Abbreviated backstory: I was on benzos for a number of years in late adolescence / early adulthood for anxiety based reasons. I had mild tinnitus at that time (possibly attributable to many things, including a distant history of childhood ear infections). Tapering was brutal and took me 14 months, and I wrapped that up sometime in 2005. I don't recall tinnitus ever being a problem, except briefly during parts of the taper.

 

In 2010, an acoustic trauma did some significant damage to my auditory system, the tinnitus turned into a wailing monster, and I used benzos again for about a year before tapering again. I spent 2011-2015 basically miserable, highly functional but chronically consumed with the violent, often painful, extremely high pitched noise in my skull. I tried all kinds of things; if there is a supplement, drug, medical practice, massage practice, alternative medicine practice that someone on Google says helped their tinnitus, I probably tried it. I also tried doing "nothing"; I learned to meditate. I learned to sleep with earplugs in spite of the noise. I spent a lot of money; I spent $10,000 to be a lab rat in one clinical trial alone (lots of travel involved).

 

I remain hopeful about the tinnitus treatments that are in the pipeline, but a little voice continued to say "I need to do something now", as my life sort of passed before my eyes. I achieved significant professional success. I was able to relocate out the city to a pristine, quiet area in 2016. This did all make me feel better in some ways, but still the noise.

 

In late 2015, unrelated medical circumstances forced me to consider short-term PRN use of Valium, and, of course, I discovered that it still "worked" as far as taking my mind off the tinnitus. From early 2016 until November of last year, I used Valium PRN; when the tinnitus would become absolutely intolerable, I would take enough to knock it way back (usually 10-20mg over 24-36hrs), and then try to not do that again for 3-4 weeks. I became a parent over this time period, and I realized that the times I was the most medicated were also the times I felt the most joy and connection with my child. By July of 2018, I was agonizing over the idea of reinstatement, but I wasn't sure.

 

I made a list of every possible tinnitus remedy that seemed reasonably attested which had not yet been attempted. It was a pretty short list which included some out there ideas like "cervical chiropracty" and "microdose psilocyban". None the less, I crossed these items off my list as I tried them. Finally, in late November of last year, well supported by a medical team (including a prescribing doctor who is deeply aware of the hazards of benzos and necessity of a slow withdrawal), I elected to resume daily benzo use. After 2 weeks at 25% of the dose I'd previously been on long term, things felt very bad; more or less, I felt like I was in withdrawal, and I almost aborted the experiment then and there.
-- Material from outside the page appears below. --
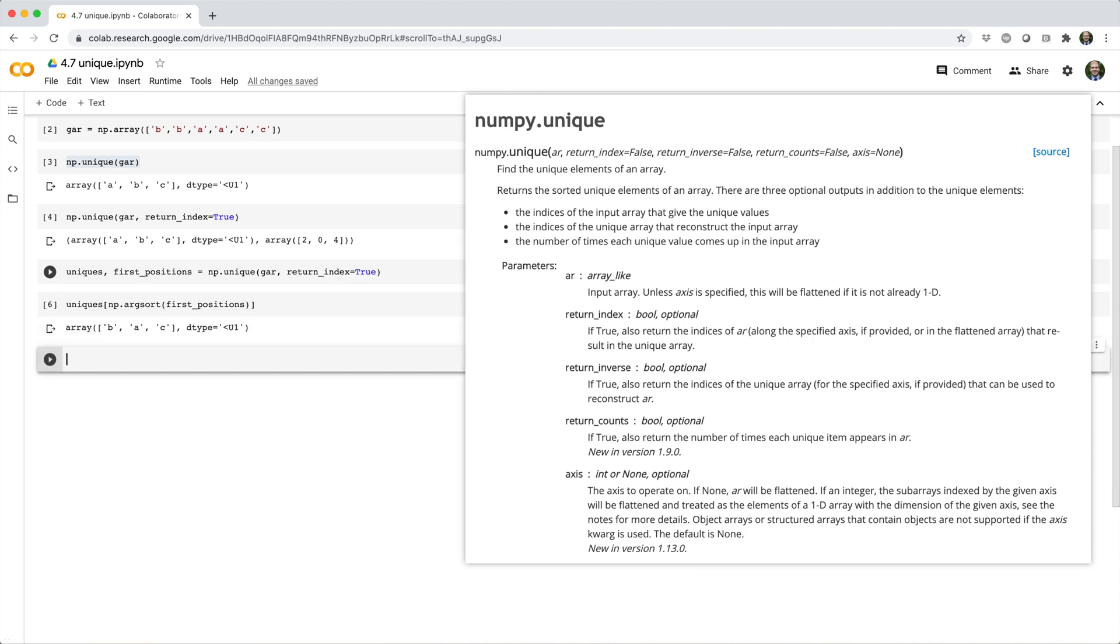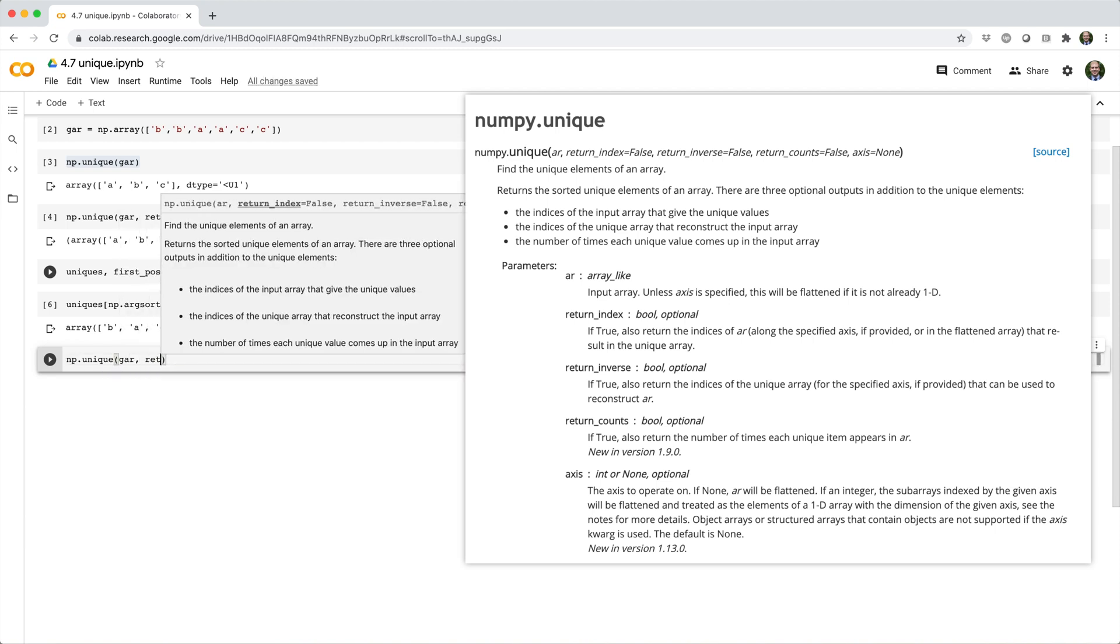Another sweet feature of unique is that you can tell NumPy to return the count of each element. To do this, just set returnCounts equal to true.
One of my medical team persuaded me to at least attempt my full prior dose for some period of time; I also elected to supplement it with gabapentin based on some research into the combination for tinnitus specifically (and the general observation that gabapentin is much less scary than benzos, so if it can be used to supplement a benzo dose and reduce benzo consumption, that's probably a win).

 

More or less I had a one month "honeymoon" where life seemed too good to be true, and as expected, that faded as tolerance became obvious and peripheral side effects also vanished. However, what I am left with, so far, is a life which is much more manageable. It's hard to put numbers on things, but the tinnitus is more distant, it's generally less disturbing when it does get my attention, and I've been able to make significant progress in my family life, in my professional life, and in therapy, which had been blocked by the state of utter discomfort, misery and despair that my tinnitus had thrown me into. The general observation of my spouse is that I am easier to talk to, more likely to listen to them, less likely to snap, and more likely to be sympathetic and caring in general.

 

To make a few things clear:

This was my choice and I would not encourage anyone else to do the same thing. No one's circumstances are identical. For all I know, my use of benzos during developmental years caused problems that couldn't self-fix, and if not for that I might not be in this situation at all. Likewise, if I had taken better care of my ears, or had better genetics around hearing, tinnitus and anxiety, I might not be in this situation. But, that doesn't matter: the way things are, is the way things are.

 

I do not know the long term results of this (and neither do you) - I waited more than six months before posting this because I wanted to be sure a beneficial effect that outweighed my reservations about benzo use, would persist for some period of time after obvious tolerance had set in. It's entirely possible that this will "stop working" at some point, and I will be left with my generally terrifying tinnitus on top of having to do another taper. But, it's also possible that won't happen (one of my family members has taken Klonopin with no loss of efficiency for more than 15 years) - and it's further possible that some of the tinnitus treatments which are currently in the experimental or early marketing phase will turn out to be extremely effective, at which point attempting another taper might seem very rational to me.

 

I agonized over this decision more than you can possibly imagine over a five year period; eight months in, it's given me eight of the best months of the last 10 years of my life. I am happy to answer any reasonable questions, but I ask that you respect my right to autonomy and decision making over my own body.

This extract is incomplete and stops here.